Located on the outskirts of Delhi, Tughlaqabad Fort was completed in four years, between 1321 to 1324. Ghiyas-ud-Din had selected this site for the fort when he was a mere soldier. This octagonal fort, 8 km from the Qutub complex, was built to provide an imperial and magnificent capital and a defensive structure to the emperor.
This grand fort has a border of approximately 6.5 km and covers an area of about 1,902 acres/770 hectares. It is the largest fort in Delhi, and is known for a number of palaces, towers, tanks, mosques and buildings. Even the walls of Tughlaqabad Fort are thicker (35 feet) in comparison to any of the forts in India. The barricade varies from 15 to 30 metres in height from the base. The maximum height including the plinth and the ridge towers upto 60 to 70 metres.
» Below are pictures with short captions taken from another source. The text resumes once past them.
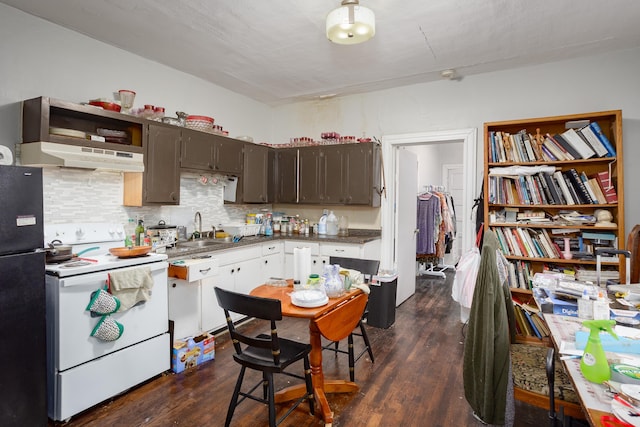  - kitchen with white electric range, freestanding refrigerator, dark wood-style flooring, and tasteful backsplash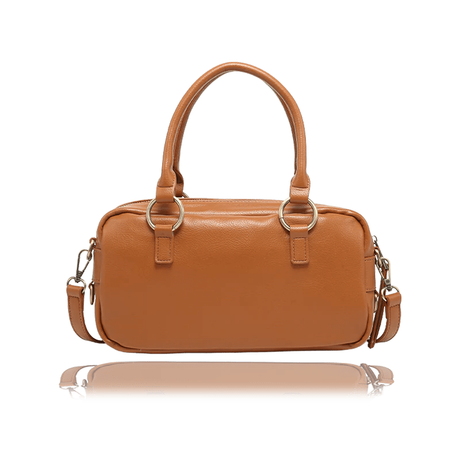 A tan leather handbag with double top handles, gold-tone hardware, and a detachable shoulder strap, shown against a plain white background with a soft reflection below. - okotoks hc pharmacy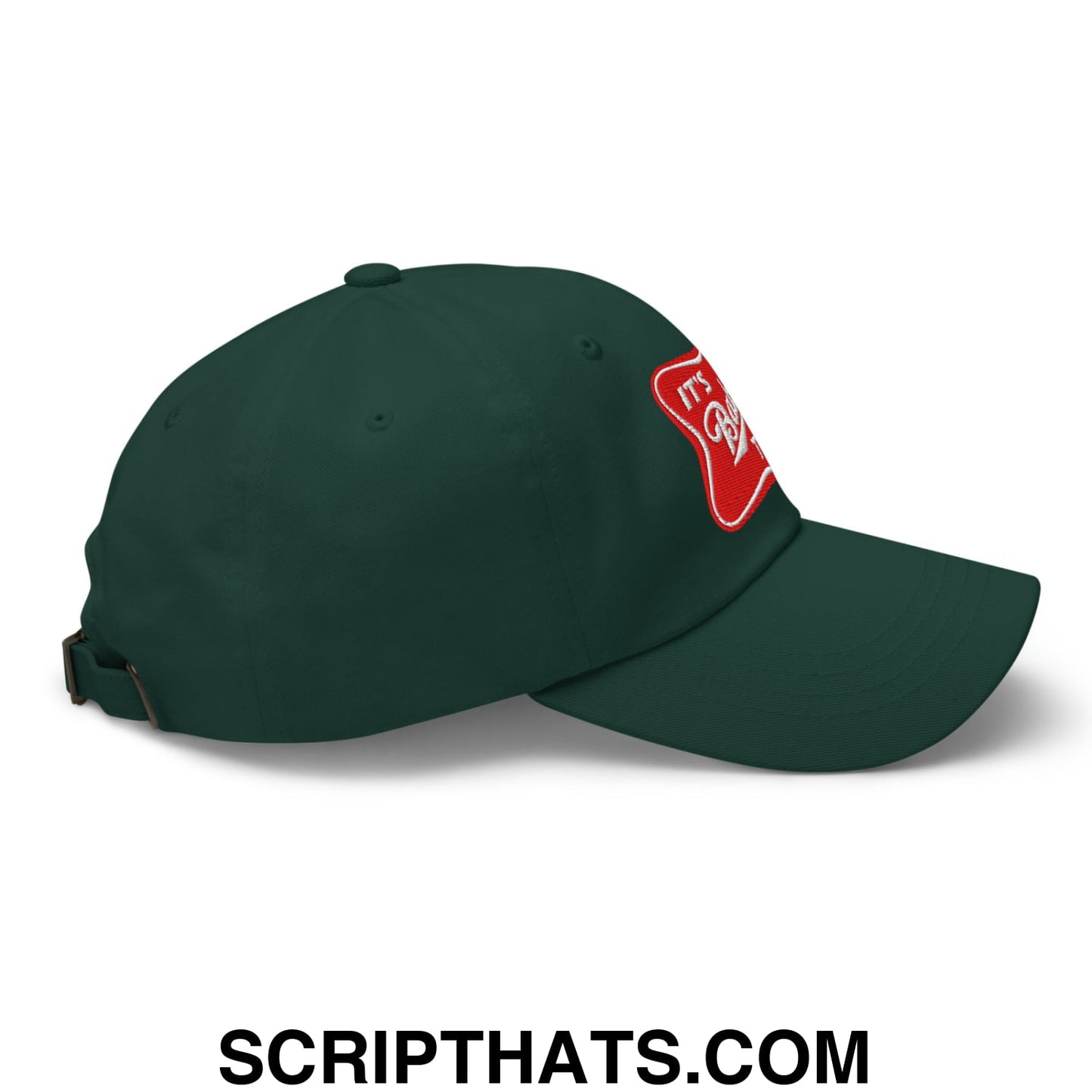 Dark green unstructured dad hat with red embroidered patch and white script text side detail titled its baker time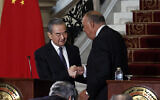 Egyptian Foreign Minister Sameh Shoukry (R) and China's Foreign Minister Wang Yi shake hands during a press conference following a meeting at al-Tahrir Palace in the center of Cairo on January 14, 2024. (Khaled DESOUKI / AFP)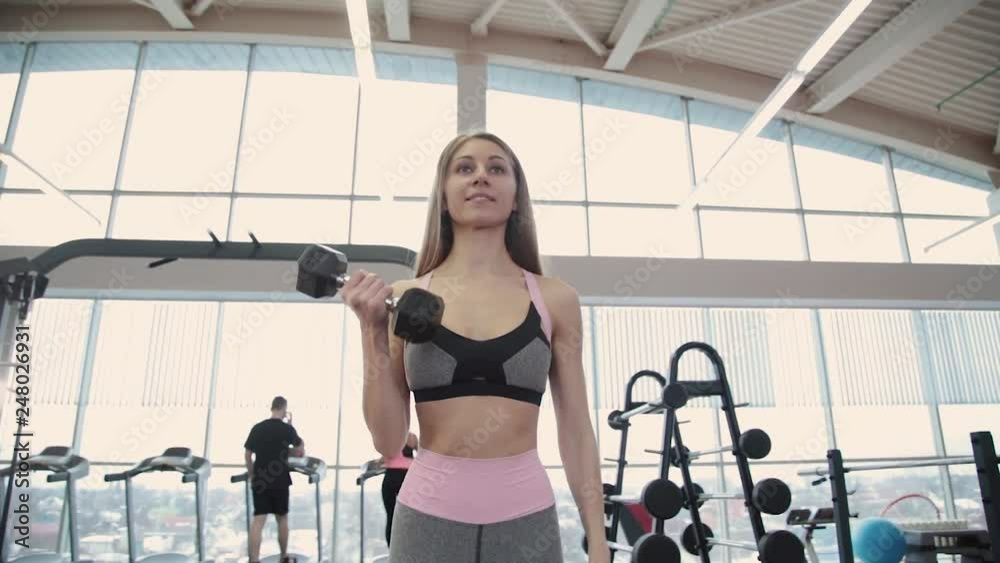 Beautiful athletic young girl trains dumbbells biceps in the gym. Beautiful athletic young girl trains dumbbells biceps in the gym.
The eastern part of the fort is accessible from the Qutub-Badarpur road. This eastern section is rectangular in shape and surrounded by high walls and bastions. The western side of the Tughlaqabad Fort is wider, with palaces and private rooms. This grand fort also had a reservoir that used to be on the southern side of the fort. A wide anthill on the south eastern-corner of the fort leads to a small fortress, Adilabad. One can also spot a high tower 'Bijai-Mandal' inside the fort. This tower has a long underground passageway which is not open to the public any more.